First aid training in focus amid covid-19

Now that most companies have returned to work, “back to work safety” has become the name of the game. LIANA SHAW showcases some of the initiatives and training solutions on offer by companies specialising in the field of first aid

St John – a provider of first aid education and training in South Africa since 1883 – reports that its organisation is acutely aware of the current needs of employers and employees as they navigate the “new normal” in the workplace.

“As companies start to bring their employees back to work, it is essential that they understand the recommended and safe use and disposal of personal protection equipment (PPE), handwashing and social distancing,” says Ruth Kolevsohn, training director.

“For this reason, we are offering ‘Back to Work’ webinars for companies and individuals, and are providing staff screening of SARS-CoV-2 (Covid-19) symptoms by trained medical personnel with appropriate PPE.”

Kolevsohn says there is an increasing demand from St John’s customers to resume first aid training (as soon as total lockdown is lifted and classroom-based training is permitted). In the meantime, its First Aid Level 1 e-learning courses are being offered via webinars.

St John offers First Aid Level 1, 2 and 3, as well as community healthcare certificate courses, skills programmes and full qualifications, including Health and Welfare Sector Education and Training Authority (HWSETA) accredited Health Care (NQF Level 1), Community Health Work (NQF Levels 2 and 4), Occupational Health, Safety and Environment. In addition, they offer a Health Promotion Officer (NQF Level 3) qualification and short courses such as CPR, Basic Life Support for Healthcare Providers, as well as Advanced Cardiac Life Support, which are accredited by the American Heart Association (AHA) and Resuscitation Council of Southern Africa (RCSA).

First aid training and development is a major focus for governments across the world including South Africa, according to Kolevsohn. Locally, government’s current focus on decentralised healthcare means there is more interest from NGOs and their donors to fund the training of first aiders and community healthcare workers across the country.

An extensive range of training solutions such as Emergency and Medical Training (First Aid Level 1, 2 and 3 Courses), Basic First Aid, followed by a First Aid Refresher Course, a CPR & AED Course and an HIV/Aids Awareness Course, is also on offer by Emcare. The company provides a wide range of health and safety training options too, among them, Health and Safety Induction, Accident Investigation, Risk Assessment, Safety Officer Training, Legal Liability and much more.

St John is not the only company focusing on first aid-related training during the pandemic. Jason Delport, director of Emcare, reveals that his company’s priority has been to develop Covid-19 awareness programmes by way of an online course, which is now available to customers.
As for the balance of their product offering, the company has decided not to put all the health and safety courses online. Instead, a hard copy pack containing certain sections of the course material, which have been identified as especially useful, is being sent to learners. This will provide them with the opportunity to go through the subjects at their own pace while still being able to make traditional pen notes. The theoretical assessments are then done online using their EduCert learner management programme, with a final practical assessment being completed at one of their training centres, where an assessor will assess and moderate the learner’s skills.

Smartphones in training
Delport says that, with the onset of smartphones, advances in first aid technology have come a long way.

“You can now download a mobile app like the First Aid & Symptom Search app to glean information on how to handle emergency situations that may require first aid,” he explains. “With its extensive Medical Health Guide, it can direct you, step by step, through various first aid procedures.
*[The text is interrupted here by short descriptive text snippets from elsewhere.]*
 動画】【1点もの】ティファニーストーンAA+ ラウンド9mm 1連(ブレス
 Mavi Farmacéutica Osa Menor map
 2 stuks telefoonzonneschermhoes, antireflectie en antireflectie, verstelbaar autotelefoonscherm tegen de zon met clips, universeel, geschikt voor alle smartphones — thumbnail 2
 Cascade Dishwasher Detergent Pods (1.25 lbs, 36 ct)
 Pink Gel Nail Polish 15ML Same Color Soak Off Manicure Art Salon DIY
And as a bonus, it can be accessed offline during medical emergencies, which is especially important if you’re in a location without internet service.”
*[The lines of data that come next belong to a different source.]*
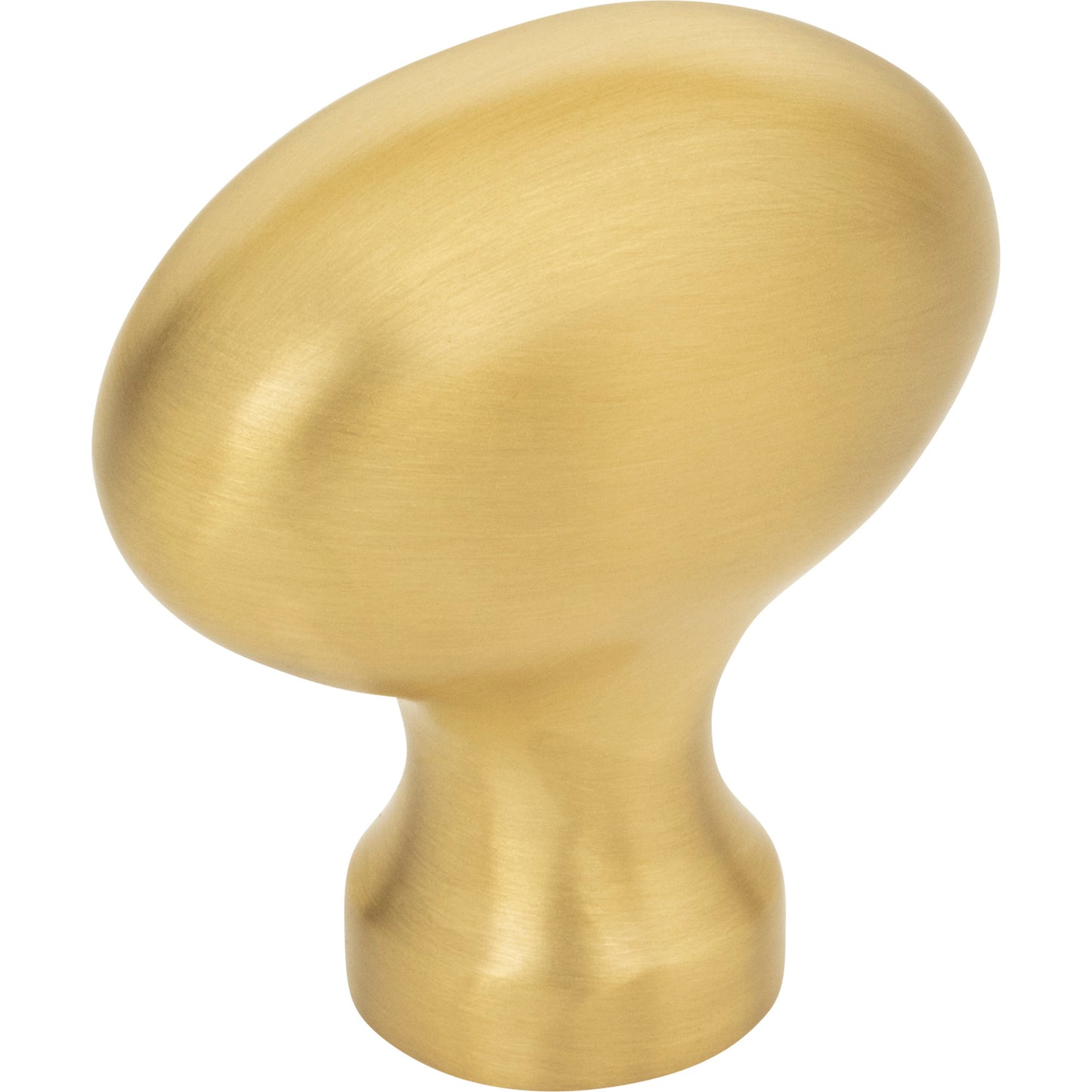 JEFFREY ALEXANDER 3991BG Lyon 1-9/16" Length Oval Knob - Brushed Gold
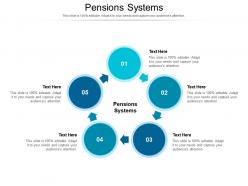 Pensions systems ppt powerpoint presentation visual aids layouts cpb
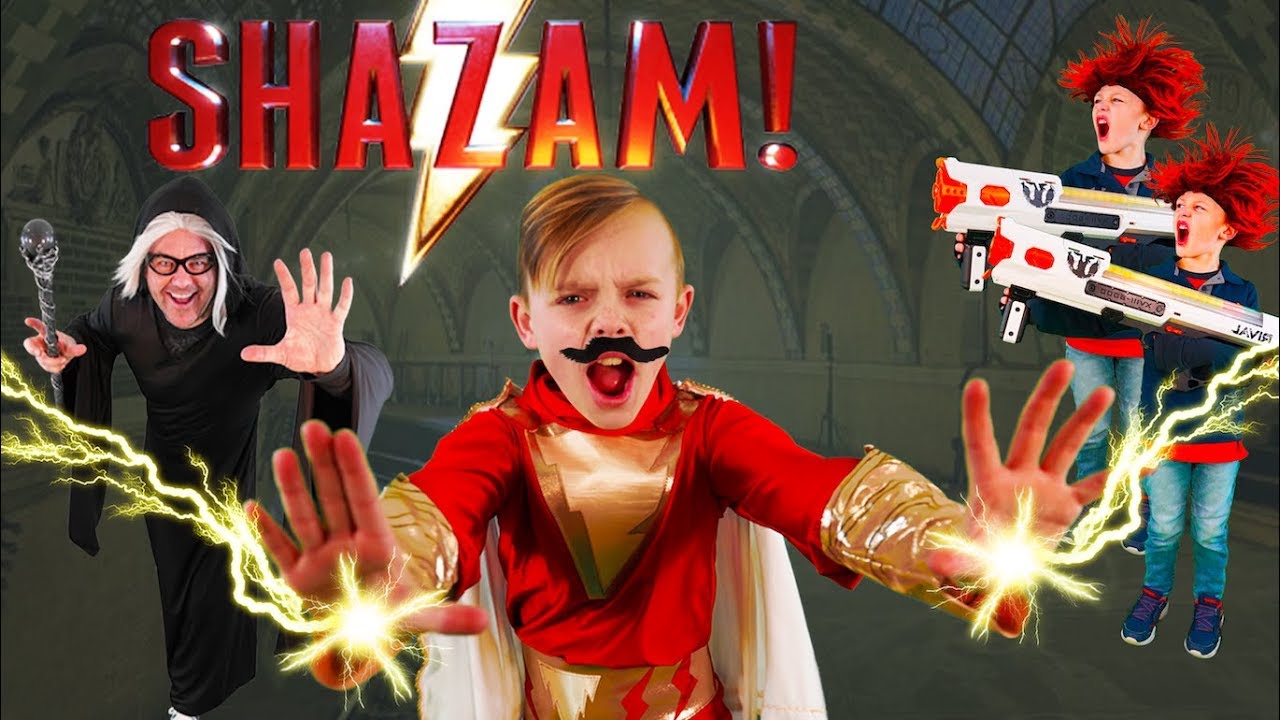 Kids Fun TV Superhero Compilation Video: Shazam, The Flash VS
Other notable smartphone apps include: The First Aid app; the Hero app; the Pet First Aid app and the Natural Disaster app. “Social media has also become a critical resource in helping organisations plan ahead and help people during emergencies,” he says. “With the assistance of multinational computer company Dell, the Red Cross now runs three successful digital operation centres that allow for natural disasters to be monitored, thus enabling organisations like the Red Cross to send help where it is needed the most.”

Innovations also worth mentioning include VetiGel (an injectable wound-clotting solution currently only approved for animal use), which could soon be released for human use, the Kardia (an FDA-cleared, mobile electrocardiogram device that conveniently attaches to your smartphone) and the Gale (a modern take on the traditional first-aid kit), featuring several compartments that are fully stocked with various medical tools, ranging from bandages to a pulse oximeter device. And even more impressive, a touchscreen display provides access to valuable instructions on how to handle common injuries.